-
Notifications
You must be signed in to change notification settings - Fork 288
Description
Inconsistency Between Redis Documentation and Referenced Paper Regarding Cuckoo Filter Load / Fill Rates
Page: https://redis.io/docs/latest/develop/data-types/probabilistic/cuckoo-filter/
I noticed an inconsistency in the documentation for cuckoo filters when comparing the Redis documentation with the research paper linked on the same page.
The linked paper:
Cuckoo Filter: Practically Better Than Bloom
(https://www.cs.cmu.edu/~dga/papers/cuckoo-conext2014.pdf) states the following:
"With k = 2 hash functions, the load factor α is 50% when the bucket size b = 1 (i.e., the hash table is directly mapped), but increases to 84%, 95% or 98% respectively using bucket size b = 2, 4 or 8."
However, the Redis documentation under “Choosing the Bucket Size”
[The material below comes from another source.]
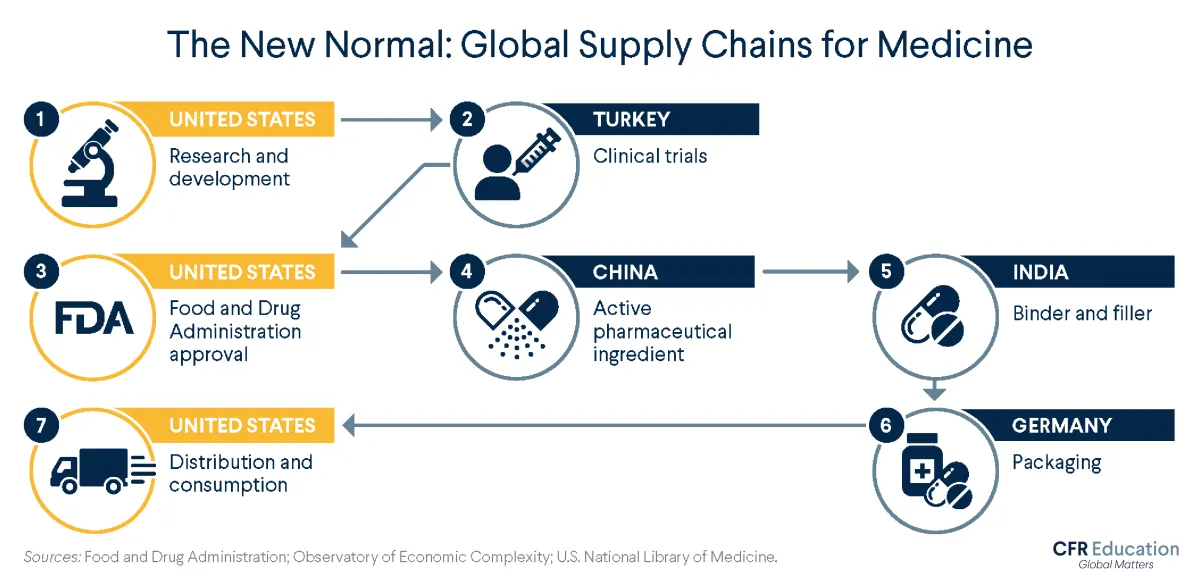 Informational graphic shows the global supply chains for medicine starting with R&D in the U.S. to Clinical trials in India to packaging in Germany. For more info contact us at cfr_education@cfr.org.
(https://redis.io/docs/latest/develop/data-types/probabilistic/cuckoo-filter/#choosing-the-bucket-size-bucketsize) states:
"When bucket size of 1 is used the fill rate is 55% and false positive error rate is 2/256 ≈ 0.78% which is the minimal false positive rate you can achieve. Larger buckets increase the error rate linearly but improve the fill rate of the filter. For example, a bucket size of 3 yields a 2.34% error rate and an 80% fill rate. Bucket size of 4 yields a 3.12% error rate and a 95% fill rate."
Question
Could you clarify which values are correct, or whether the Redis implementation deviates intentionally from the results in the paper (e.g., due to differences in assumptions, parameterization, fingerprint size, or implementation-specific adjustments)?